• _BRIEF_: Starting at the line that contains "So these are", output each line exactly as written through the end of the listing below, but leave out the pictures.

• _DATA SECTION_:
================

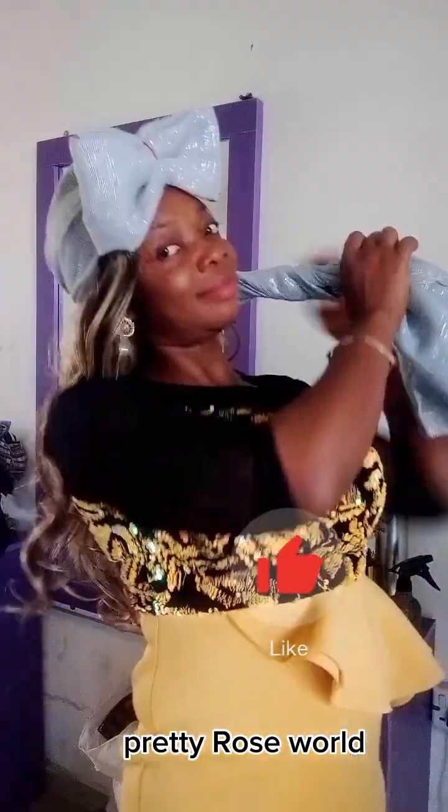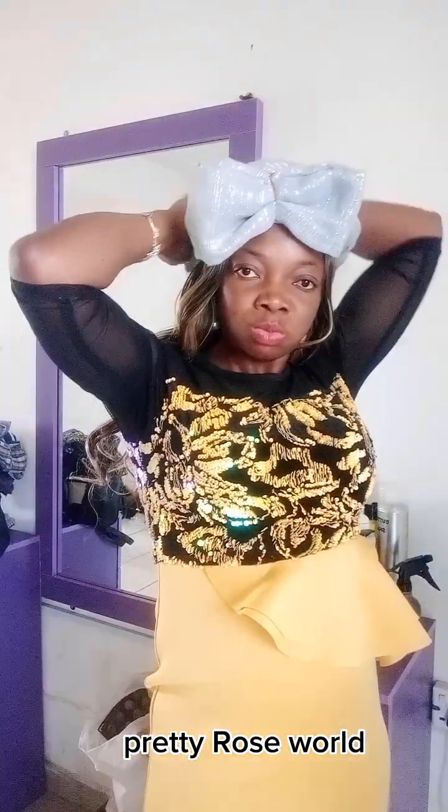I'll twist it at the back. Make sure when you are twisting you twist it very tight — firm on your head. Twist out, twist, and take it round.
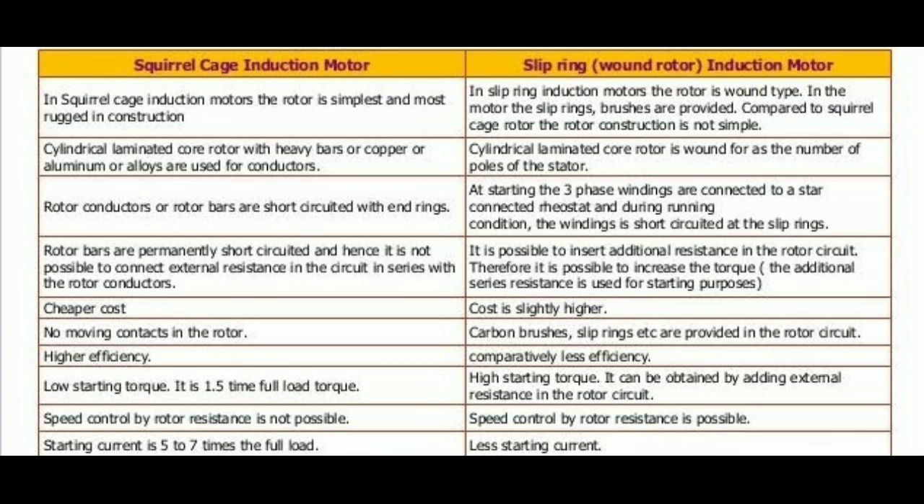So these are the main differences between squirrel cage induction motor and slip ring induction motor. I hope you will understand this. Please subscribe to my channel and keep watching.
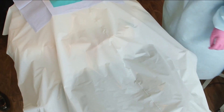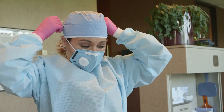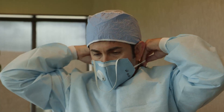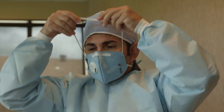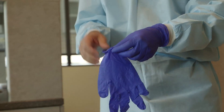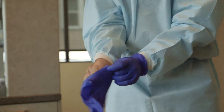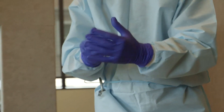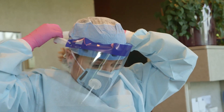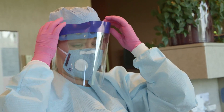Either a properly sealed respiratory grade mask rated to capture mercury, or a positive pressure properly sealed mask providing air or oxygen, should be worn by the dentist and all dental personnel in the room. Non-latex nitrile gloves should be utilized by the dentist and all dental personnel in the room. Face shields and hair or head coverings are also to be utilized by the dentist and all dental personnel in the room.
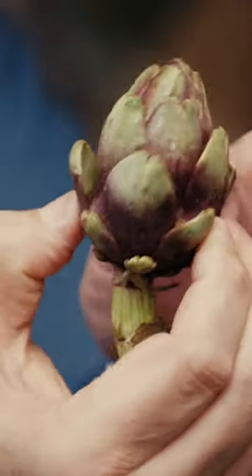If the artichoke gets too much heat it'll bolt and develop these hips. So if you squeeze the artichoke — like this one right here — you squeeze it and feel that there are hips. Even though it's small, when you cut it open it's going to have the choke on the inside.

================

• _RESULT FOR THIS EXERCISE_:
So these are the main differences between squirrel cage induction motor and slip ring induction motor. I hope you will understand this. Please subscribe to my channel and keep watching.
Either a properly sealed respiratory grade mask rated to capture mercury, or a positive pressure properly sealed mask providing air or oxygen, should be worn by the dentist and all dental personnel in the room. Non-latex nitrile gloves should be utilized by the dentist and all dental personnel in the room. Face shields and hair or head coverings are also to be utilized by the dentist and all dental personnel in the room.
If the artichoke gets too much heat it'll bolt and develop these hips. So if you squeeze the artichoke — like this one right here — you squeeze it and feel that there are hips. Even though it's small, when you cut it open it's going to have the choke on the inside.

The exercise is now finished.